The course of love does not run at all smoothly, but – spoiler – though the end is suspenseful, doubtful, thrilling, and nearly doesn’t come off … yes,  it’s happy.
But not quite a rom com, despite the ‘meet cute’. Pervasive sexism – including near-constant sexual harassment –  plus class prejudice, inequality and poverty form hurdle after hurdle after unfair hurdle for Daisy. The cloistered and privileged world of the university forms a barrier for Fred, too. He’s socially, sexually and romantically backward. And I couldn’t help being aware that this whole world is about to be shattered by WWI. All those young men…

There was no melancholy, nothing laboured about the social commentary, always a light touch. And the most luscious, witty, beautiful writing.
This is just the first of the many passages I marked to re-read and enjoy again.

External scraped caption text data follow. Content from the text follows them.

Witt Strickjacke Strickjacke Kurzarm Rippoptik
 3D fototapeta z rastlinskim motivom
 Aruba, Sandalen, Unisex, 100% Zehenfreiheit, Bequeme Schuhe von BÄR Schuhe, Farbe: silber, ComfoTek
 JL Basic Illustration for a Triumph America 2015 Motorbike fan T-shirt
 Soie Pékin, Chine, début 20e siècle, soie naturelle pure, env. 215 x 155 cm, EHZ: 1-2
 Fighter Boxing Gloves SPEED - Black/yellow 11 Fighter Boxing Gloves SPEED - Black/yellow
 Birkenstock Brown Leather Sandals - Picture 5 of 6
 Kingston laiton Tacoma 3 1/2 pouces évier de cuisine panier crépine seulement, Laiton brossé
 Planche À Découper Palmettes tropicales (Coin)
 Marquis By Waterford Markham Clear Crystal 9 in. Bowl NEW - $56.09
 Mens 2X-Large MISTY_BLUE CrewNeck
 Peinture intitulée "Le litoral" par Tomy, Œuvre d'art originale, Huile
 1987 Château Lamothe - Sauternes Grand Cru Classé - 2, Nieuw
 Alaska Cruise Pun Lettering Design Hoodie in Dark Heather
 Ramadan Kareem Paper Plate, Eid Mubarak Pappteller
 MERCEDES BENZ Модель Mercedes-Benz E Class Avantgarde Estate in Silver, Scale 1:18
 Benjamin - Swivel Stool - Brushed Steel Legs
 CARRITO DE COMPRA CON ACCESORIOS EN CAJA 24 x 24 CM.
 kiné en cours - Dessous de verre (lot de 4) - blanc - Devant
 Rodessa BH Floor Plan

The church and Rectory were once imposingly, now unacceptably, at the top of a steep slope. It took it out of you getting up there, if you wanted the Rector to sign a certificate. Elms sheltered the field, young elders and hazels filled the drainage ditches. All that ought to be cleared before winter, if someone could be found to do it. The Herefords chewed, every jaw moving anti-clockwise, as a tendril grows. Round them the grass stood unmoving, hazed over with a shimmering reddish tinge, ready for hay. The bushes too, were motionless, but from the crowded stalks and the dense hedges there came a perpetual furtive humming, whining and rustling which suggested an alarming amount of activity out of sight. Twigs snapped and dropped from above, sticky threads drifted across from nowhere; there seemed to be something like an assassination, on a small scale, taking place in the tranquil heart of summer.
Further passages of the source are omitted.